Planet SOSIG: A Spring-clean for SOSIG: A Systematic Approach to Collection Management
The SOSIG collection
The core of the SOSIG service, the Internet Catalogue, now holds over 21,000 structured metadata records describing Internet resources relevant to social science teaching, learning and research. Established in 1994, SOSIG is one of the longest-running subject gateways in Europe. Our section editors have been seeking out, evaluating and describing social science Internet resources, developing the collection so that it now covers 17 top-level subject headings with over 1000 sub-sections. Given the dynamic nature of the Internet, and the Web in particular, collection development is a major task. Collection management (i.e. weeding out broken links, checking and updating records) at this scale can also be something of a challenge.
The SOSIG core team, based at ILRT in Bristol, devotes considerable resource to removing or revising records with broken links (human checks based on reports from an automated weekly link-checking programme). Section editors, based in universities and research organisations around the UK, also consider durability and reliability of resources as part of the extensive quality criteria for inclusion in the Catalogue. They regularly check records and update them: however, the human input required to do this on a systematic and comprehensive scale would be beyond current resources. SOSIG has therefore recently embarked on a major 'spring cleaning' exercise that it is hoped will address this issue and keep the records current. We describe below the method, and outcomes to date.
There are several reasons why such collection management activity is important. User feedback indicates that currency of the resource descriptions is one of the most appreciated features of the SOSIG service. SOSIG and other RDN hubs are promoted on the basis of the quality of their records: offering out of date descriptions and other details is likely to frustrate users and, in the long term, be detrimental to their perceptions and therefore use of the service. Recent changes in data protection legislation also emphasise the obligation to check that authors/owners are aware of and happy with the inclusion of their resources in SOSIG. Checking with resource owners also appears to have incidental public relations benefits and is helping to develop the collection by identifying new resources from information publishers and providers.

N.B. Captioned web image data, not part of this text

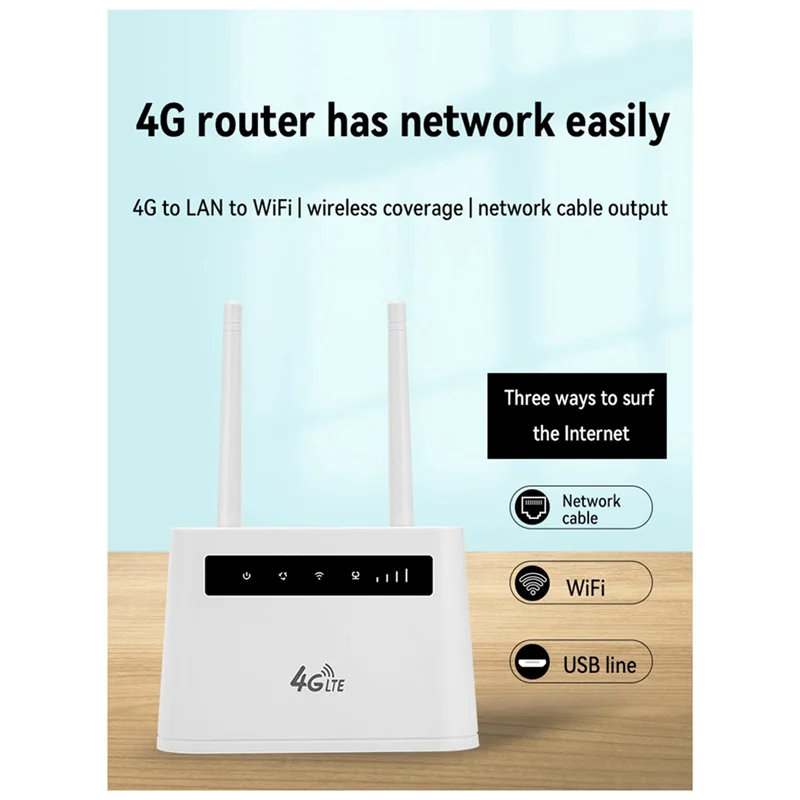 1 шт., беспроводной маршрутизатор LTE, повторитель 4G, маршрутизатор для SIM-карты, мобильная точка доступа, Share R102, для домашнего офиса, EU-Plug-ABJU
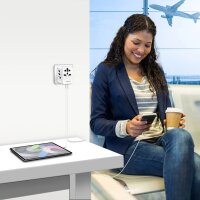LogiLink Universal-Reiseadapter (EU AUS US UK), 20 Watt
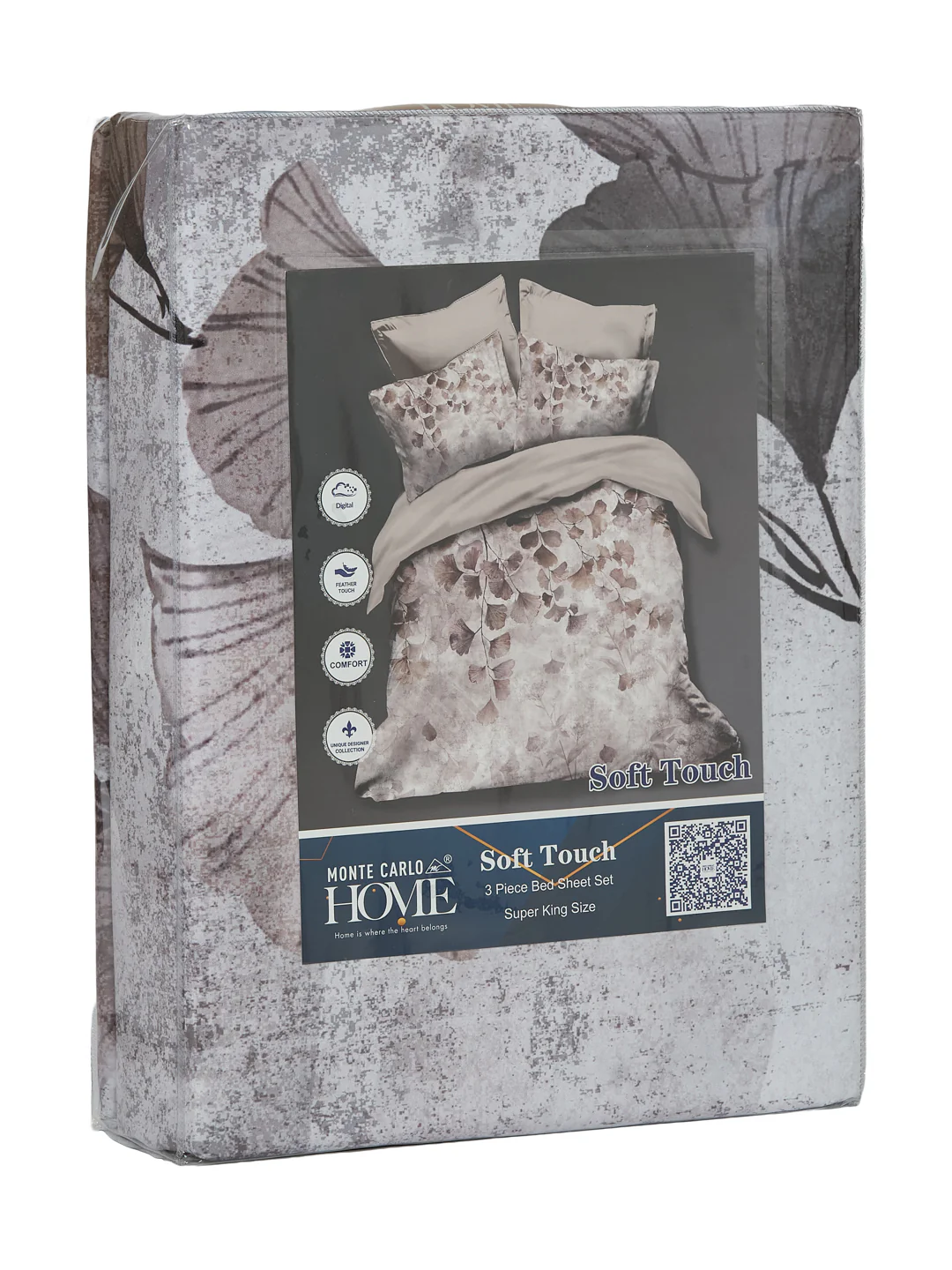 120 GSM Polyester King Size Bedsheet with 2 Pillow Covers Soft Touch Collection - Image 11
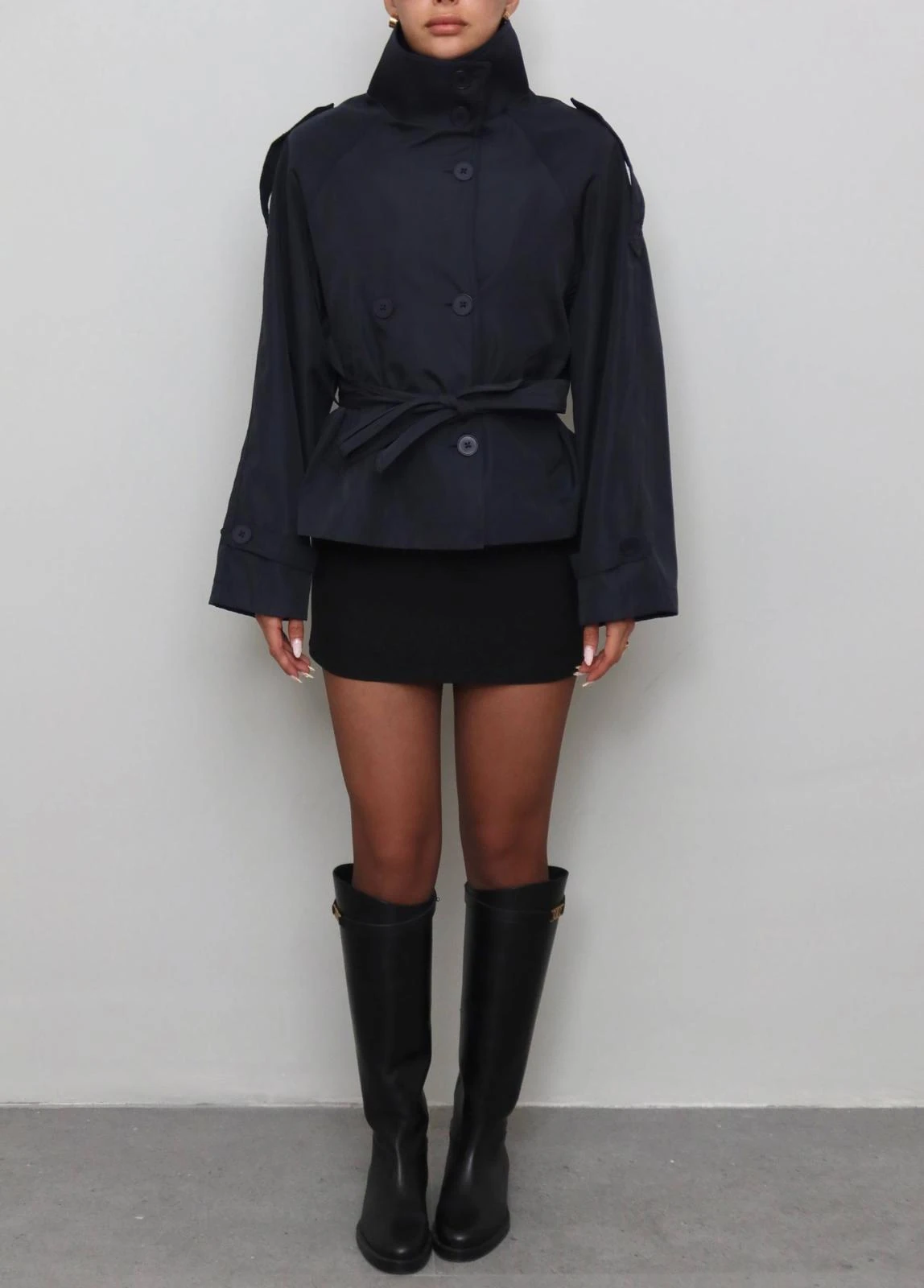 Berhani Lacivert Kadın Yarım Trenckot BRN56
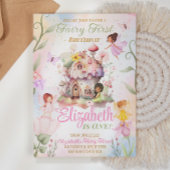 フェアリーファースト誕生日招待状 招待状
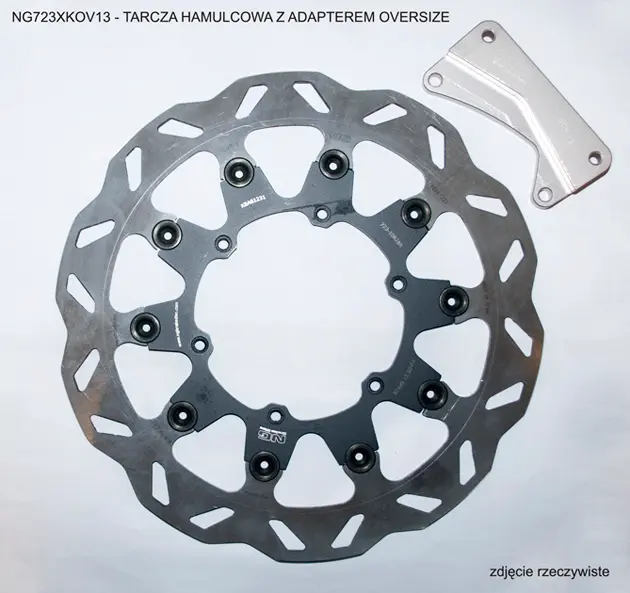 NG brzdový kotouč přední s adaptérem OVERSIZE (320X118X5) YAMAHA YZ 125 00-12,YZF 450 03-04, WRF 426/450 03-17, SUZUKI RM 125/250 96-09 (NG brzdový)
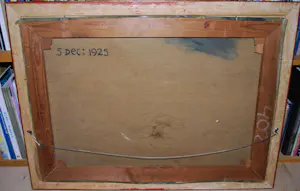 Johan Sonnenberg - botenhuis in de sneeuw - olieverfschilderij uit 1925 kopen? Bied vanaf 250!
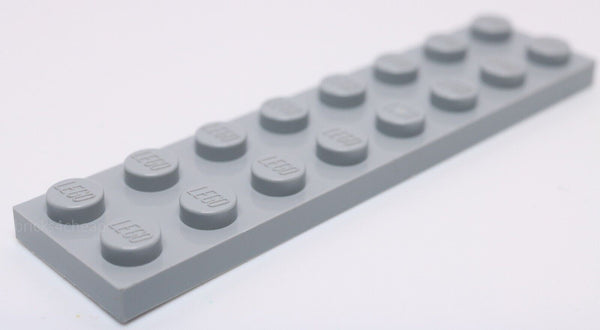 Lego 5x Light Bluish Gray 2 x 8 Plate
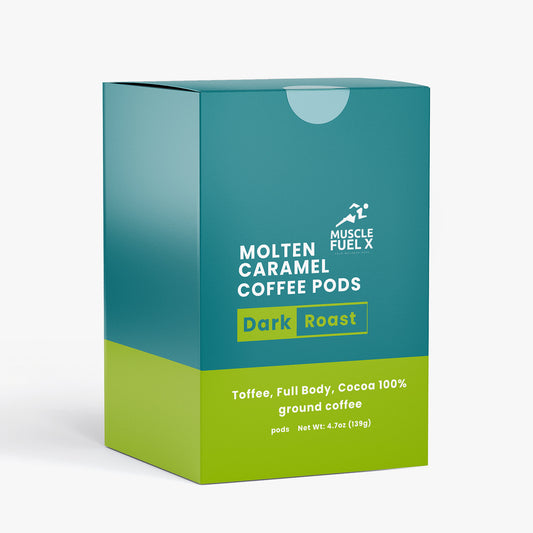 Molten Caramel Toffee Coffee Pods (Dark Roast) – Cocoa 100% Ground Coffee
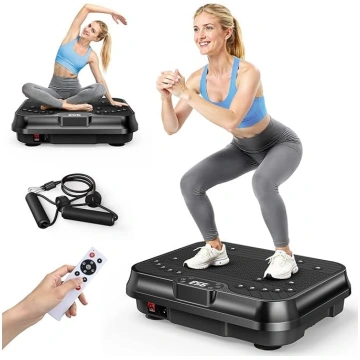 HomeFitnessCode Mini vibrācijas platforma sievietē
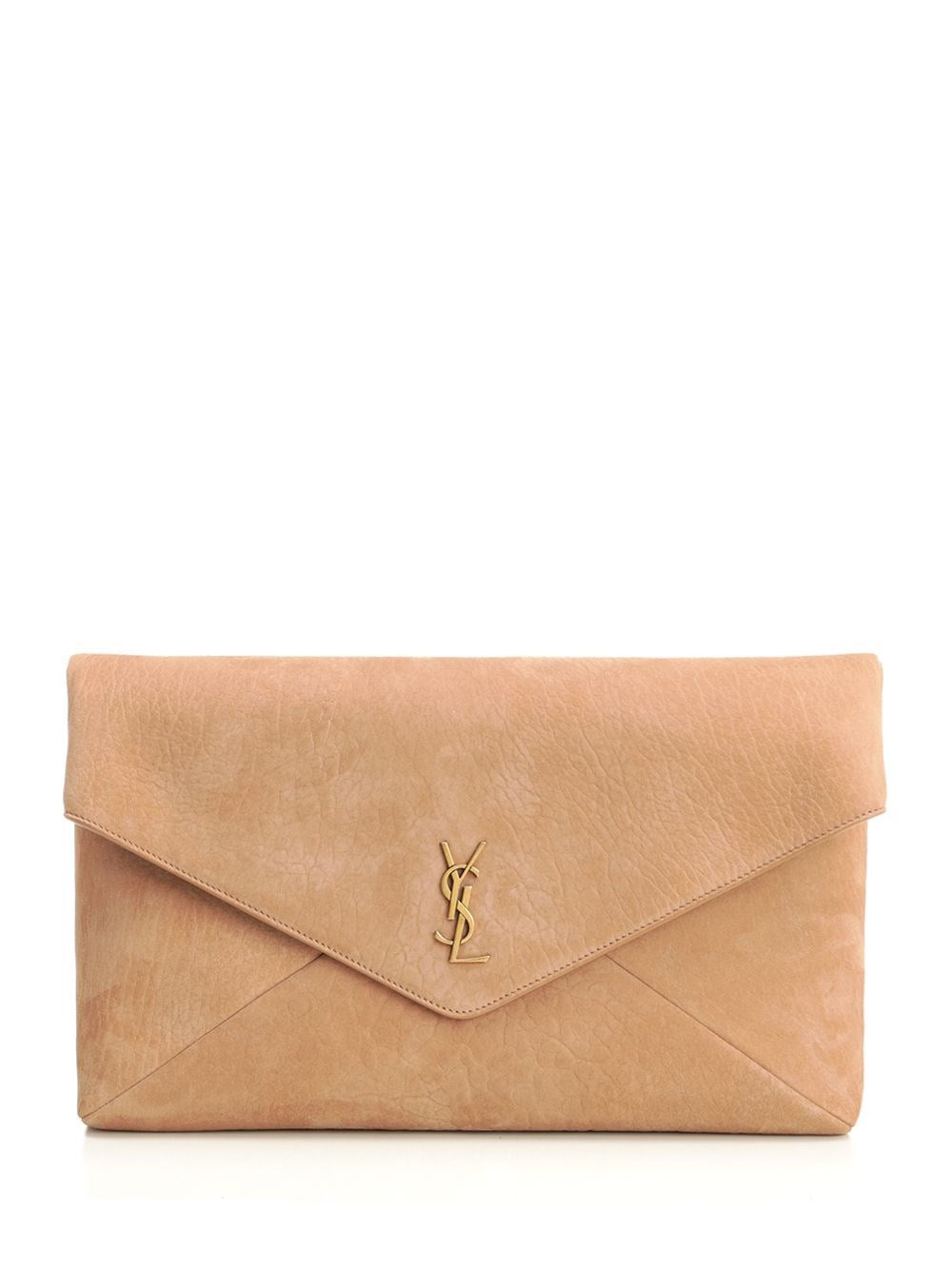 Saint Laurent Women Cassandre Envelope Clutch In Nubuck Leather SAINT LAURENT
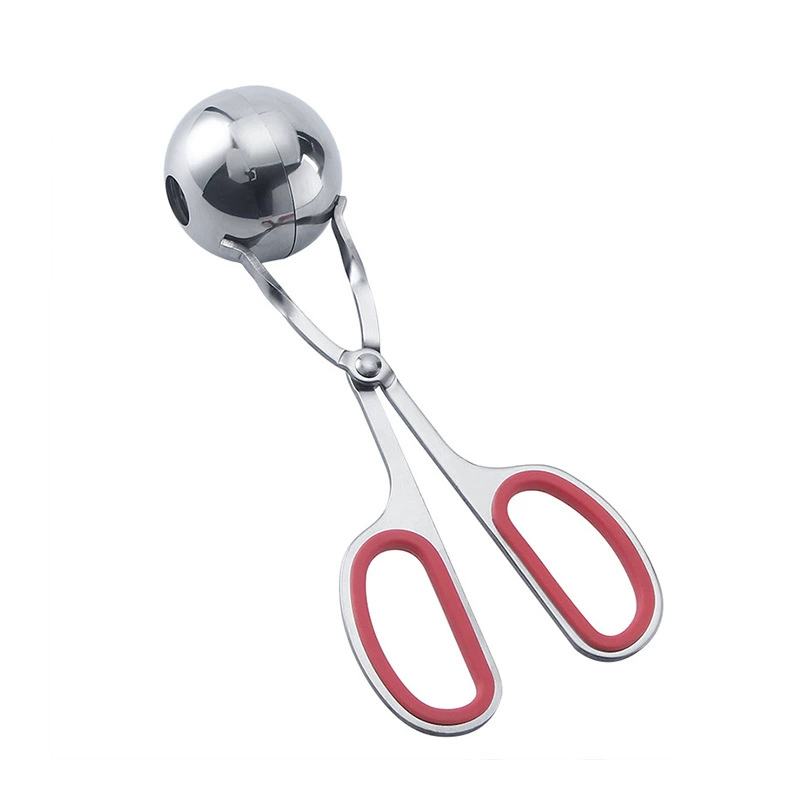 Spherical scissors stainless steel, mold, rubber rubber rings, handle, ice cream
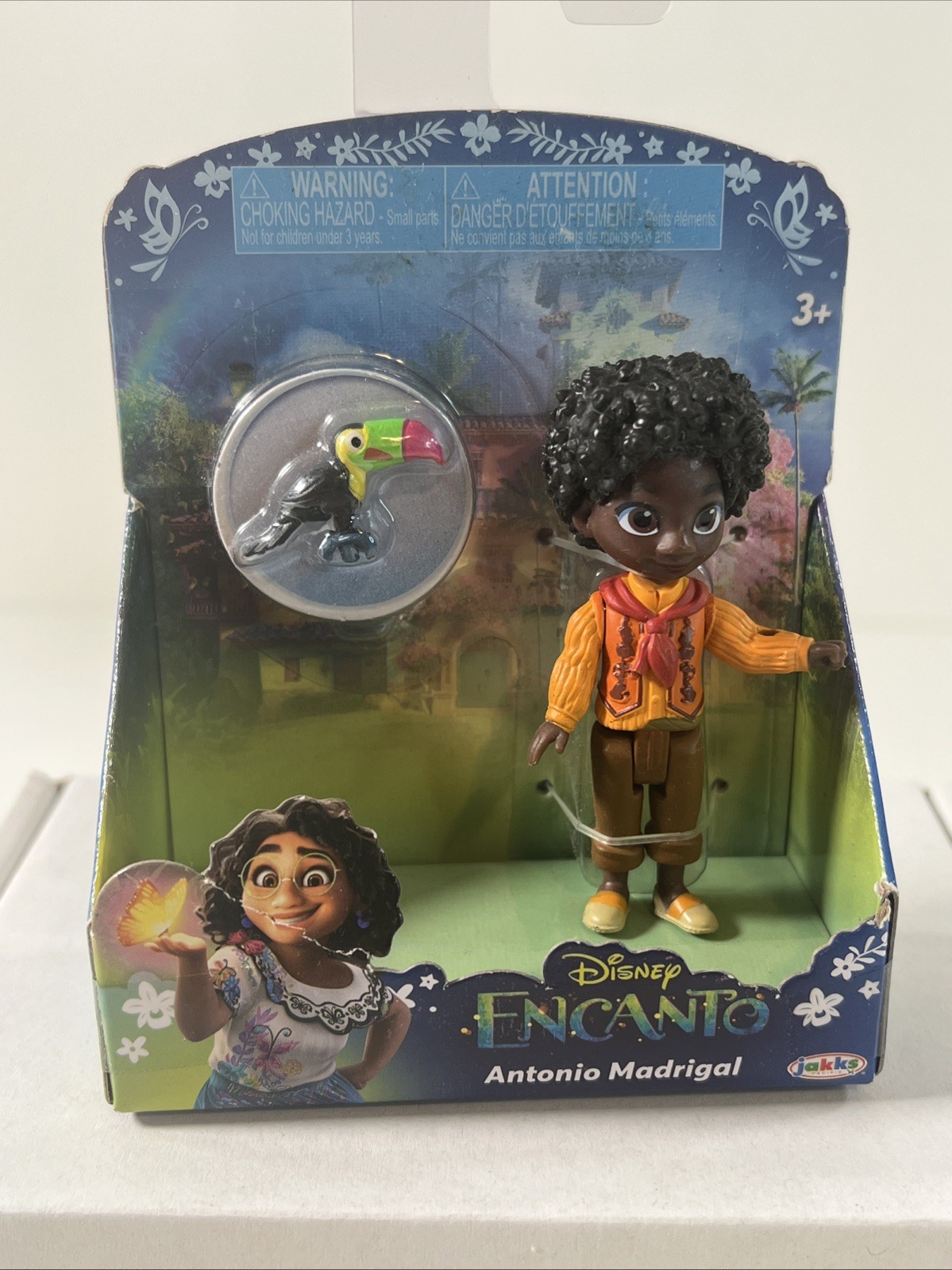 Disney Encanto Movie 3&Prime; Figure Antonio Madrigal Accessory Toucan Jakks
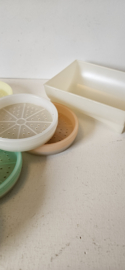 Tupperware | onderzetter in houder - 7 delig 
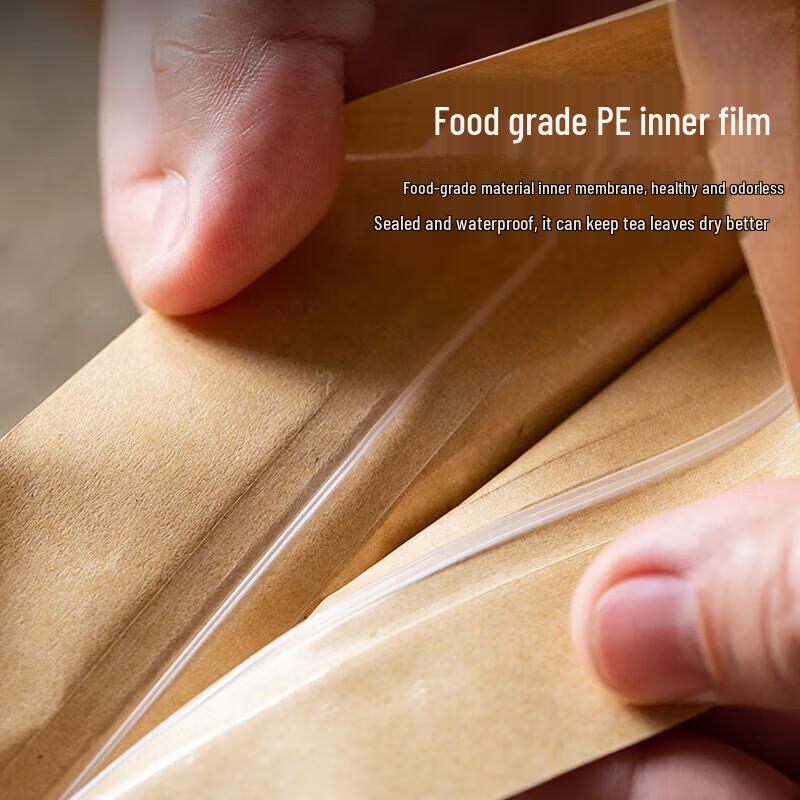 Deli Kraft Paper Self-Sealing Storage Bags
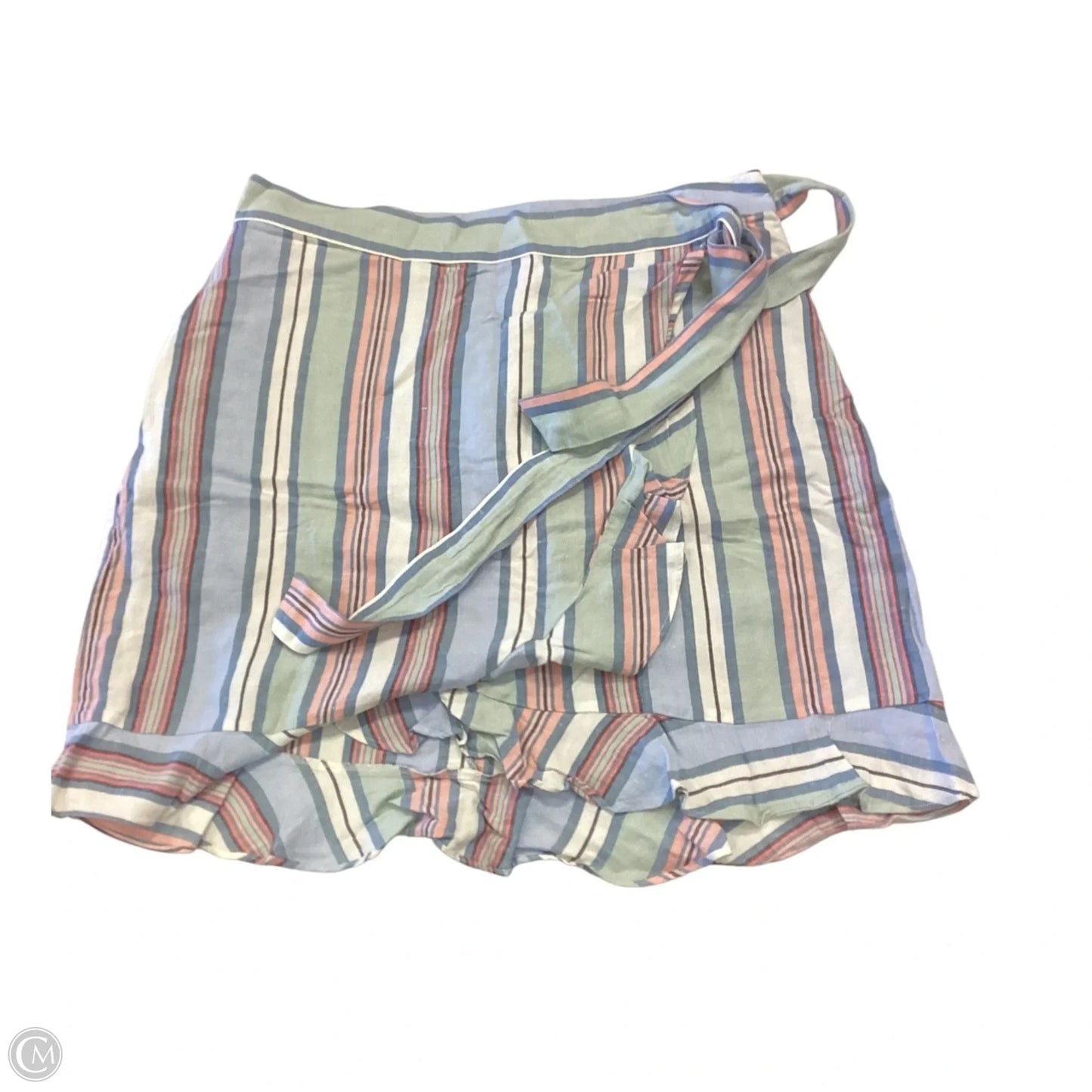 Skirt Midi By Loft In Striped Pattern, Size: 14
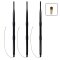 3-Pack FritzBox Umbauset mit 2.4 GHz WLAN Rundstrahlantenne, Gehäuse-Clip, 9dBi
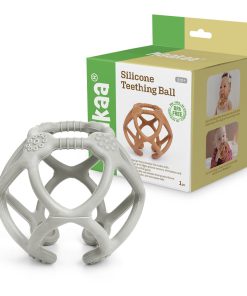 3-in-1 Teething Ball. Soothing. Sensory Play & Promotes Fine Motor Skills - 100% Food Grade Silicone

How did we go about our spring-clean? Each of the metadata records for the 21,000 resources catalogued in SOSIG contains a field for 'administrative email' - the contact email address of the person or organisation responsible for the site. We adapted an existing perl script (developed in ILRT for another project), which allowed a tailored email to be sent to each of these addresses. The message includes the URL of the SOSIG record(s) associated with the admin email. Recipients are informed that their resources are included in SOSIG and are asked to check the SOSIG record for their resource (via an embedded link in the message) and supply corrections if necessary. They are also invited to propose new resources for addition to the Catalogue. The script adds details of records processed to a copy of the database: the next time the script runs, it checks all unmarked records and sends the message to the next 2000 of these. Once all 21,000 records have been processed, the script will run on a weekly basis to ensure that newly added records are also notified to their owners for checking.
Phasing the process
We first considered a mass, simultaneous mailout covering all 21,000 records. The script sends one message per minute to avoid swamping the servers. However, we had no idea of the level of response likely to be generated and wanted to avoid swamping ourselves! We therefore decided to phase the process, running the script against batches of 2000 records on a roughly monthly basis, in numerical order of unique record identifiers. The process was run for the first time at the end of July 2002 and, on the basis of low-numbered identifiers, included records of resources first catalogued in SOSIG's early days. A second batch of 2000 records was processed in the last month. Whilst Phil Cross oversaw the technical monitoring of the process, Emma Place and Dave Boyd have handled the personal responses, either dealing with change requests or passing on suggestions for additional resources to Section Editors responsible for specific subject areas on SOSIG.
Some interim results
A range of responses
To date we have received 239 personal responses (approximately 5%) from email recipients. A further 1023 automated 'bounced' responses were received. Those of us who are regular and long-term users of the Web are well aware of the fairly constant evolution of Web resource content and features. The SOSIG spring clean exercise also highlights the extent of change in personnel associated with Web resources. As mentioned above, of the emails sent relating to the first 4000 records, over a quarter 'bounced' back. Although a very small proportion of these were automated 'out of office' replies, most were returned because the address was no longer in use.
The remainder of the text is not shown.